In this observational study, the withdrawal time for the examinations of all recruited
patients is estimated by both the physician and the AI method. The study does not relate to
any particular indication, and any patient that is appointed for a colonoscopy and does not
meet the exclusion criteria can be recruited. The AI method operates in the background,
having no influence on the examination's process, or outcome. The standard procedure requires
physicians to estimate the withdrawal time and document it in the examination report.
Simultaneously, the proposed AI method also computes the withdrawal time for all patients in
the background, without affecting the physician, the examination, or the outcomes of the
examination. Importantly, the physician remains blinded to the AI model's output.

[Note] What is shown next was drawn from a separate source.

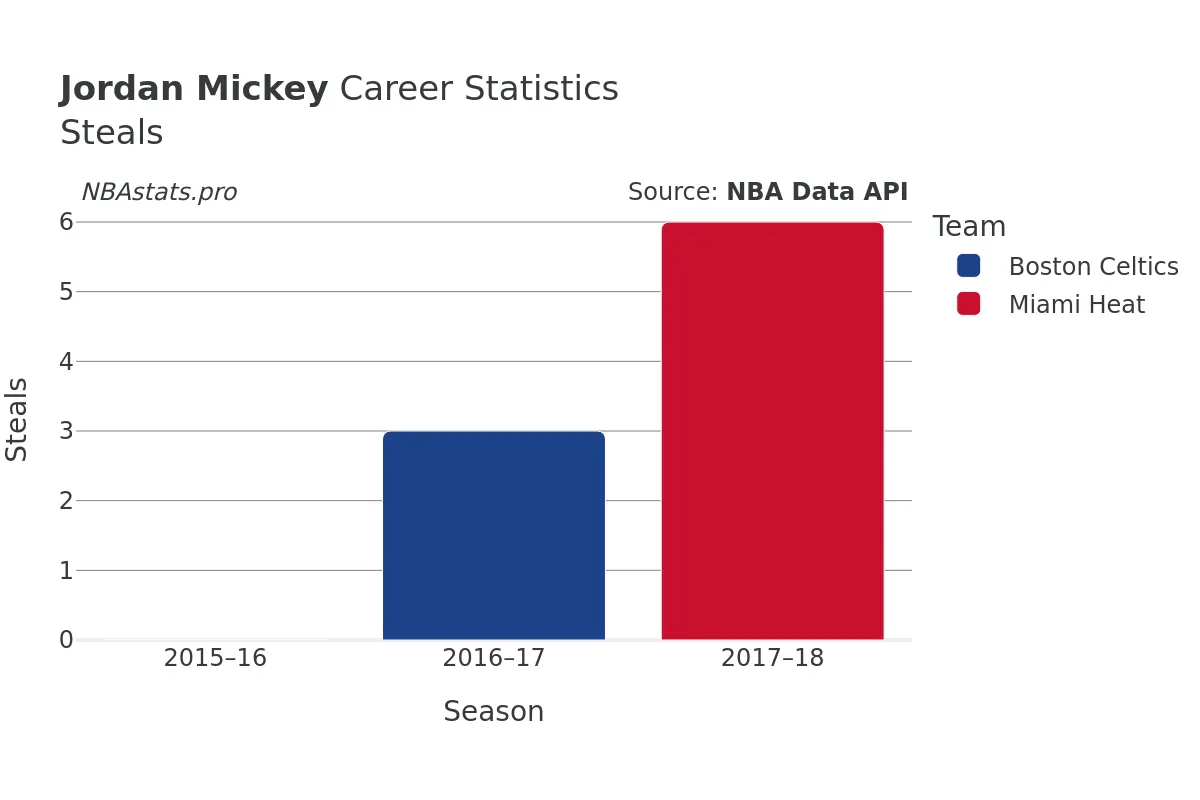 Jordan Mickey Steals Career Chart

To establish the gold standard withdrawal time, manual calculations will be performed using
the recorded examination data for all patients. This gold standard is used for evaluating
errors in withdrawal time estimation made by both the physician and the AI method.
Subsequently, a comparative analysis is conducted to assess the disparities between the
physician's estimations and those of the AI method.
Furthermore, the AI method captures characteristic images of anatomical landmarks and notable
events, such as polyp resections, during the examination. A panel of certified endoscopists
will rigorously evaluate the quality and relevance of these selected images.